Chapter 17: Windows, Dialogs, Frames, and Menus

The exercises here are taken from my forthcoming book The Java Developer's Resource.

Quiz

  1. What's the difference between a Frame and a Dialog?
  2. What's the difference between a Menu and a MenuBar?
  3. What's the difference between a Menu and a MenuItem?
  4. Why wouldn't you create a Menu inside the MenuBar's add method like you create MenuItem's inside a Menu's add method?

Exercises

  1. It's a little silly to ask the user if they are sure they want to start global thermonuclear war and then only provide an OK button. Write an OK-Cancel Dialog class that produces a modal dialog with two buttons, OK and Cancel. Make the constructor protected. However include a static method that creates a new instance of the OKCancel class and handles user input. This method should take a single String as an argument and return a boolean indicating whether the OK or the Cancel button was pressed. The dialog should dismiss itself when a button is pressed.

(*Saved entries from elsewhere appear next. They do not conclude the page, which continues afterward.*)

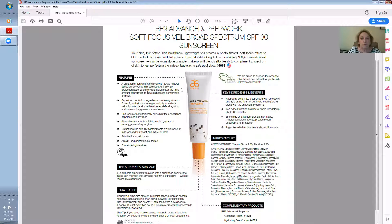This particular product is a superfood cocktail of ingredients containing vitamin C and E, antioxidants, omegas, and phytonutrients that help hydrate the skin, while minerals defend against environmental aggressors from the sun. It effortlessly helps blur the appearance of pores and baby lines, gives your skin a radiant finish, leaving you with a healthy, je ne sais quoi glow — just beautiful.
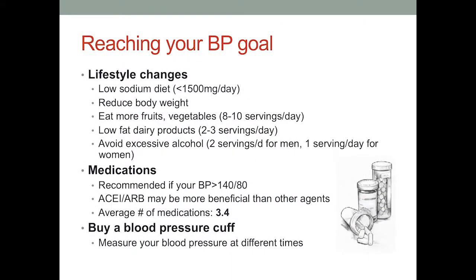Reaching your blood pressure goals starts with lifestyle changes: reducing your sodium intake (some people are very sensitive to salt), reducing your body weight — a 10% loss in body weight can result in an improvement in blood pressure — eating more fruits and vegetables, low-fat dairy products, and avoiding excessive alcohol. Alcohol does raise your blood pressure, and chronic alcohol use can contribute to high blood pressure.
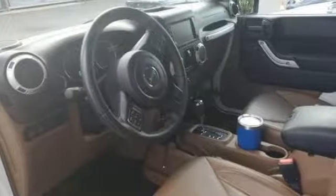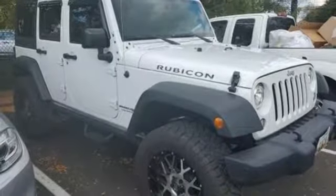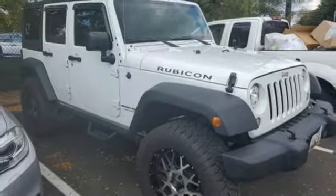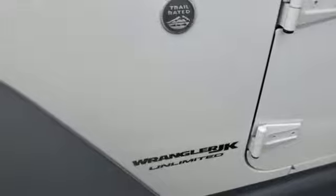V6 engine, front heated leather bucket seats, streaming audio, auto dimming rear view mirror, leather steering wheel, remote engine start, external memory control, Targa sunroof, wireless phone connectivity, and power heated mirrors.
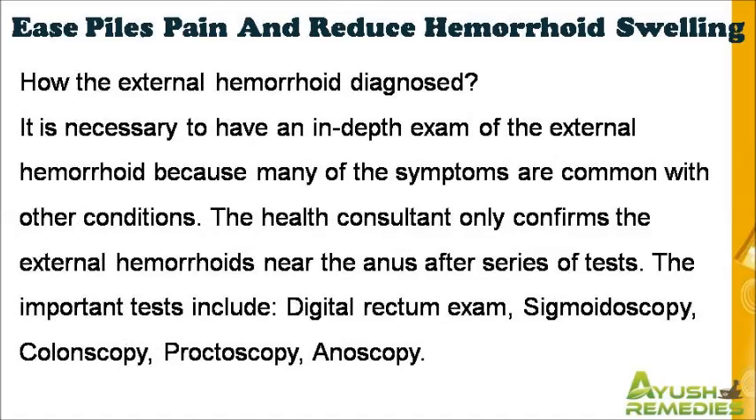How is the external hemorrhoid diagnosed? It is necessary to have an in-depth exam of the external hemorrhoid because many of the symptoms are common with other conditions. The health consultant only confirms the external hemorrhoids near the anus after a series of tests. The important tests include digital rectum exam, sigmoidoscopy, colonoscopy, proctoscopy, and anoscopy.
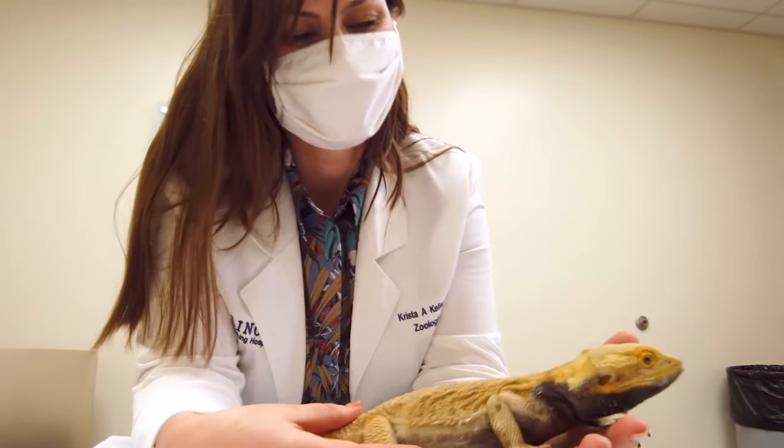Hi, I'm Dr. Krista Keller. I'm a veterinary specialist in zoological medicine and assistant professor in the Department of Veterinary Clinical Medicine.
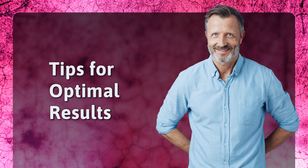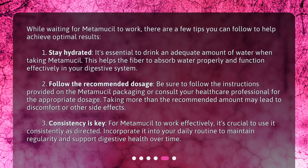Here are a few tips to help achieve optimal results while waiting for Metamucil to work. First, stay hydrated — it's essential to drink an adequate amount of water when taking Metamucil, as this helps the fiber absorb water properly and function effectively in your digestive system. Second, follow the recommended dosage provided on the Metamucil packaging or consult your healthcare professional, as taking more than recommended may lead to discomfort or side effects. Third, consistency is key — use it consistently as directed and incorporate it into your daily routine to maintain regularity and support digestive health over time.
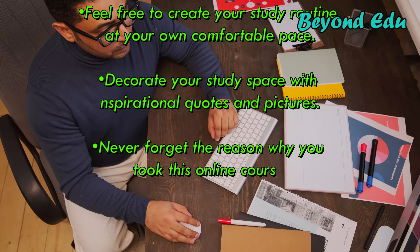Follow these study tips for online learners and you will be able to make your online learning a fun and enjoyable e-learning experience. Don't forget to give a thumbs up and share the video with your friends.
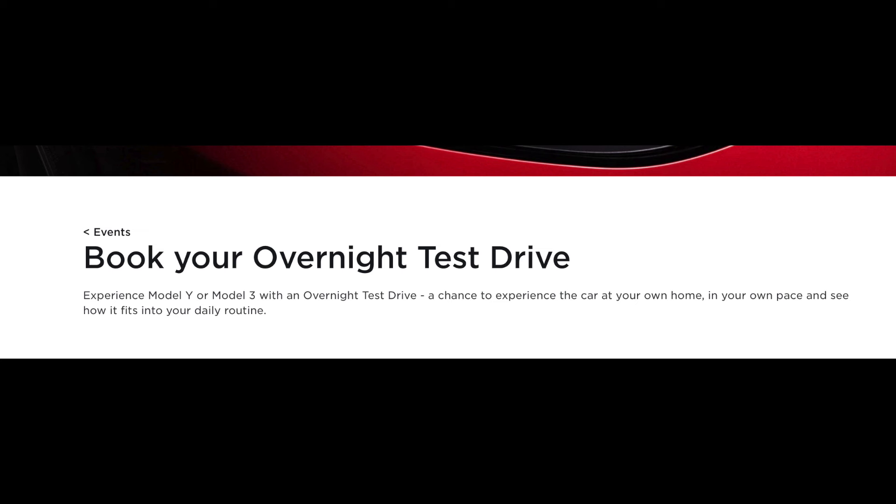Demo drives have begun. You can go to the Tesla website and easily schedule from multiple locations a 30-minute demo drive where you alone will have a chance to experience a Tesla test drive — a salesperson does not have to accompany you. Overnight demo drives are also available, which is great if you want to experience the brand new 2024 Model 3 refresh. You can take it home, drive it on errands, and see it in your garage.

Make sure a long String is handled reasonably (that is wrap it to fit the box).
  2. Create a subclass of the OKCancel dialog that has buttons for "Yes" and "No" instead.
  3. Revise Program 17.6 so that instead of printing the Menu Choice on System.out it pops up an Alert Dialog from Program 17.3 with the MenuChoice.
  4. Use exercise 1 to revise Program 17.6 so that it asks the user to confirm each menu selection.